People democracy

One of the really interesting things about elections is the opportunity for everybody to get involved, ask questions, challenge political nonsense, whoever it comes from, and run their own campaigns to keep politicians on their toes.

Leaving it all to the politicians is what most are inclined to do but certainly not everybody. Our democracy permits campaigning groups to campaign freely during elections and this is something the Electoral Commission actively encourages by setting out rules that make it easy for local and national groups to be formed. They are not required to register as long as they abide by the spending limits set out by the Electoral Commission.

Participation in a democracy can be much more than just going out to vote. Politicians need to be made accountable during elections because after they are elected you might find out they have been lying to you.

Boris Johnson has something of a reputation when it comes to veracity free stuttering mouthfuls of nonsense. Something he somehow manages to get away with because he promises to get Brexit done and is currently leading in the polls.

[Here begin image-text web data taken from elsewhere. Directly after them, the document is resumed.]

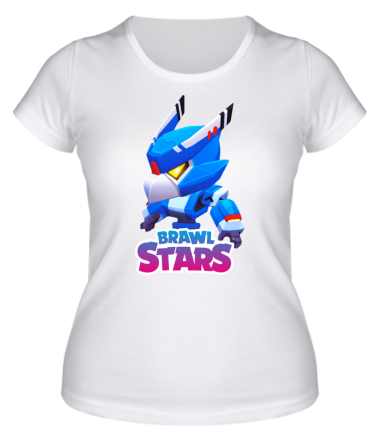 Женская футболка Mecha Crow and color logo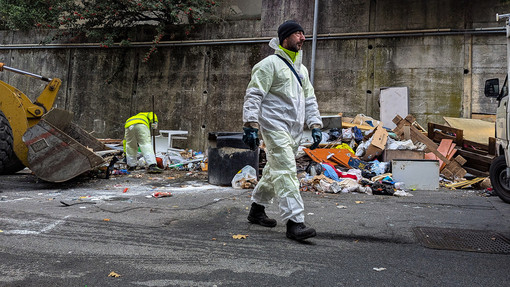 Valpolcevera, intervento straordinario in via Čechov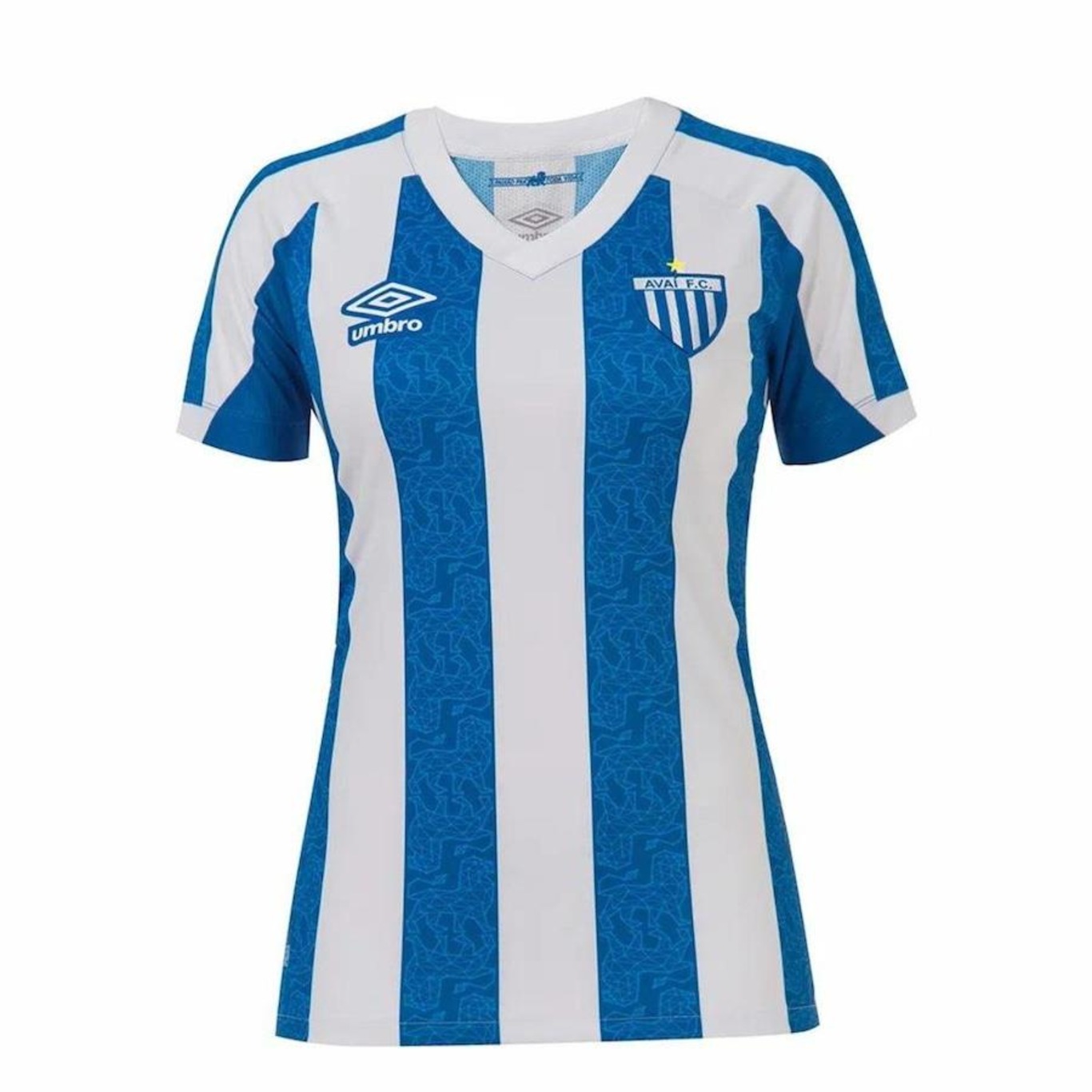 Camisa do Avai I 2022 Umbro Home Listrada - Feminina - Foto 1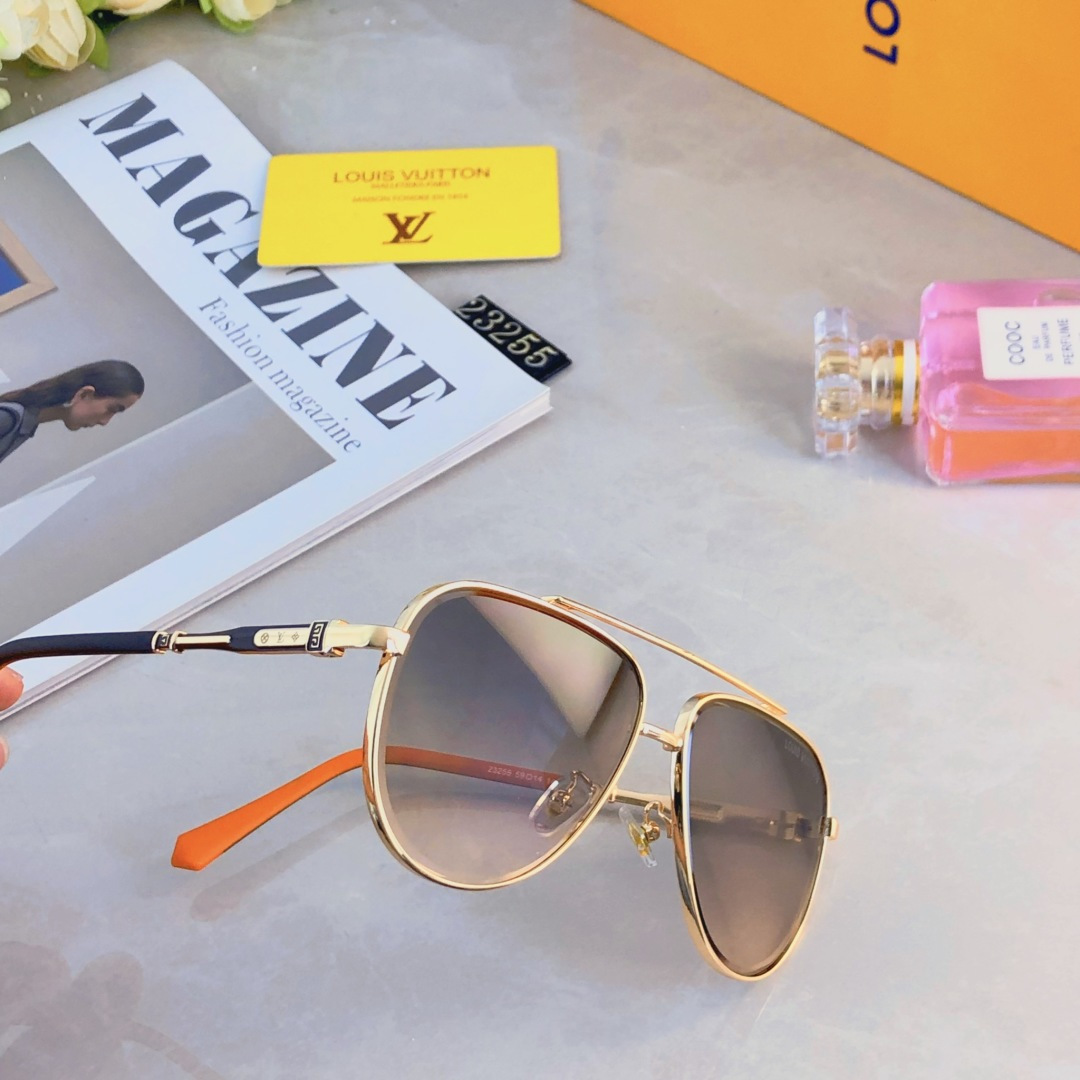 。。Louis vuitto*2025时尚新款蛤蟆墨镜复古素颜百搭男女太阳镜防紫外线眼镜架潮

Rebels get kicked out of the Boris Party

Every Conservative candidate throughout the UK has signed up to whatever Boris Johnson wants and we have the evidence of what happened to those who rebelled against him in the last parliament.

Twenty-one Conservative MPs had the whip withdrawn and 11 ended up being forced out of a party they had served for years, decades in some cases. Those with a more ‘centre position’ often referred to as ‘One Nation’ conservatives were pushed out with many deciding to call it a day like Ken Clarke, Nicky Morgan, Amber Rudd, Nick Boles. and former Chancellor Philip Hammond.

Others like Dominic Grieve are standing as independents and the feisty Anna Soubry, who left the Tories back in February to join Change UK. Soubry will stand as a candidate in Broxtowe in Nottinghamshire for ChangeUK which she is now leader of.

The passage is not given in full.